Atypical Urban Vision
di Elisabetta Riccio
Testo critico a cura di Claudia De Giorgis
La mission di Elisabetta Riccio nella fotografia è quella di raccontare storie. Storie di persone, di luoghi, di resilienza, di memoria. Spazia da progetti più narrativi, ad altri più artistici dove mescola diverse tecniche di stampa, esperimenti in ferrotipia, manipolazioni polaroid, e l’uso della doppia esposizione.
La sua idea di spazio urbano è quella di una pianta che perde continuamente vecchie foglie per farne nascere di nuove; la sua fotografia documenta la sua trasformazione con rigore, intimità, e sentimento.
Atypical Urban Vision
Testo critico a cura di Claudia De Giorgis
RE.STI.TU.ZIO.NE
Atypical Urban Vision è un progetto frutto di 10 anni di esplorazioni fotografiche tra Italia, Francia, Stati Uniti, Messico, Repubblica Dominicana, Cuba e Israele. Lo sguardo atipico di Elisabetta Riccio si è soffermato sulla mutevolezza dell’architettura di quelle aree urbane che sono state vissute dall’uomo e poi abbandonate: frame di edifici fatiscenti, vecchie fabbriche dismesse, scorci di ferro e cemento riconquistati dalla natura.

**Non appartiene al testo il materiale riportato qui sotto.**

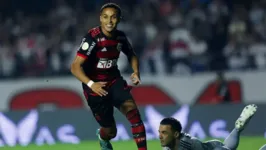 Atacante está perto de fechar com o Palmeiras após atuar no Flamengo e na Espanha.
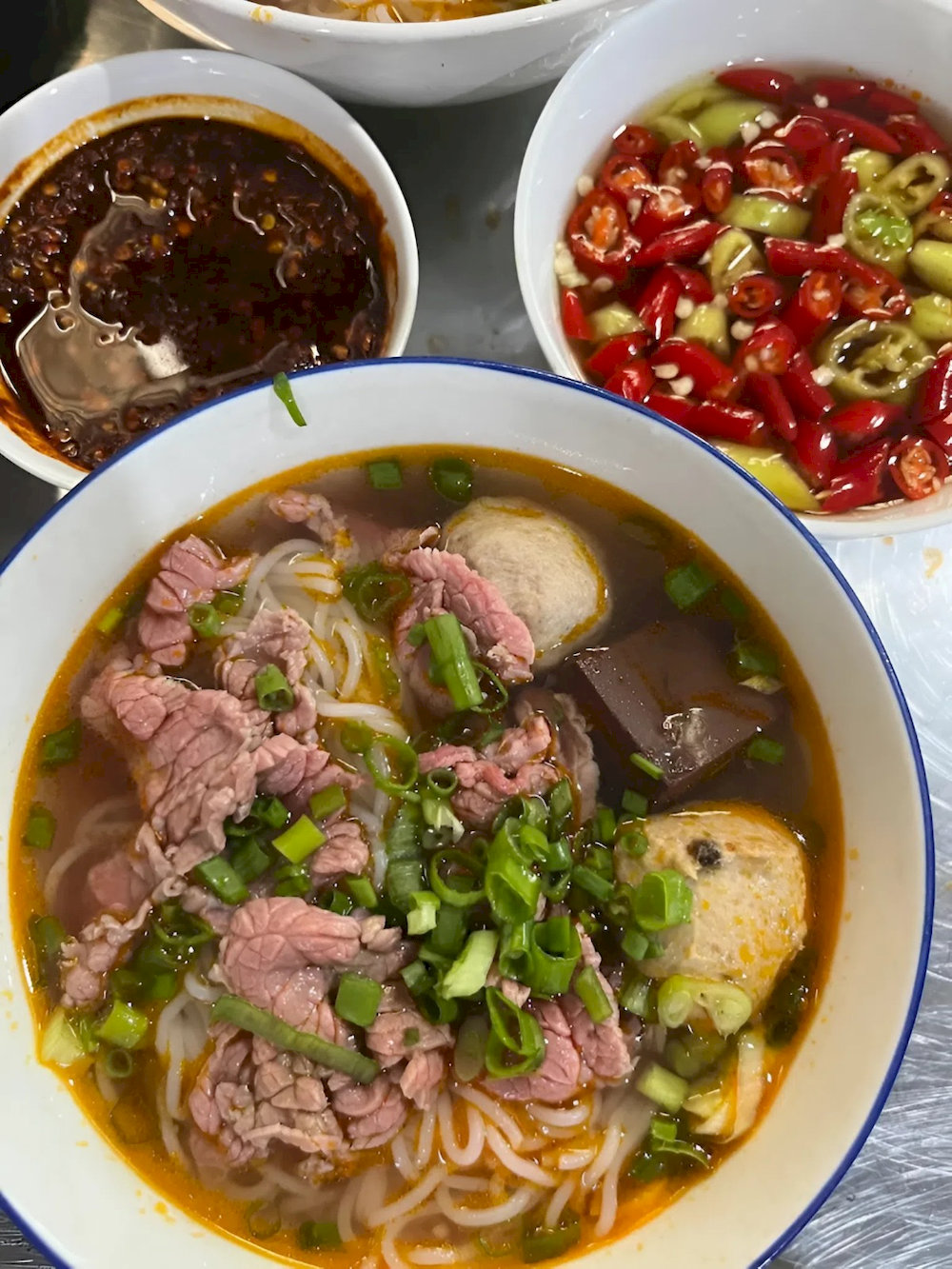 Bún bò Huế chuẩn vị tại Hoàn Kiếm: Bí quyết làm nên thương hiệu 45 Phùng Hưng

Atypical Urban Vision è un’indagine visiva che raggruppa un’accurata selezione di fotografie tratte dal progetto RES.TI.TU.ZIO.NE iniziato nel 2010 dall’artista torinese.
La sua ricerca diventa sociale nel momento in cui immortala la rinascita dello scenario urbano segnato dalla traccia indelebile del passaggio dell’uomo, ora assente, ma un tempo protagonista. L’intera esposizione è un viaggio intercontinentale alla scoperta di luoghi tanto lontani e diversi quanto simili tra loro. Luoghi silenziosi in cui è ancora possibile udire l’eco del brulicare di un tempo; rovine di un passato in continua trasformazione, in grado di fondersi con la natura alla conquista di una nuova vita. Un percorso immersivo che racconta l’eterno dualismo tra i resti di un passato sfuggente e una natura incontaminata che afferma la sua maestosità reimpossessandosi del territorio.
Un viaggio per riportare la luce laddove l’ombra aveva occultato anche i ricordi.
“Il silenzio iniziava ad avvolgermi e il mistero di non sapere dove fossi esattamente mi spingeva ad avanzare. Ad accompagnarmi nel sentiero, una natura rigogliosa, foglie dai colori accesi e rami che invadevano il tracciato. Resti di case, cumuli di cemento, ammassi di ferro abbandonati, tenuti insieme da un soffio di calce, divorati da quella forza ribelle che lotta per riappropriarsi del suo spazio.
Una cicatrice urbana sulla pelle della nostra Terra. Rimasi attonita.
Mi voltai per ammirare lo spettacolo di decadenza che si mostrava davanti ai miei occhi: il mio sguardo voleva portare luce su ciò che era stato rimosso e poi dimenticato dallo scorrere del tempo. Un’indagine fotografica spinta a riportare in vita ciò che sembrava sepolto.
Questo è stato il mio sguardo atipico in quelle terre lontane e vicine, fulcro di vagabondaggi dettati dal fascino di quei sentieri che apparivano come ferite nella terra, mentre una natura maestosa e resiliente donava loro una nuova identità e poesia.
Ho seguito le tracce del passaggio dell’uomo e mi sono persa tra spazi urbani e selvaggi seguendo le orme di un passato di cui solo ho sfiorato le rovine. Mi sono affacciata dalle finestre di questo mondo per testimoniare le fasi della sua trasformazione.”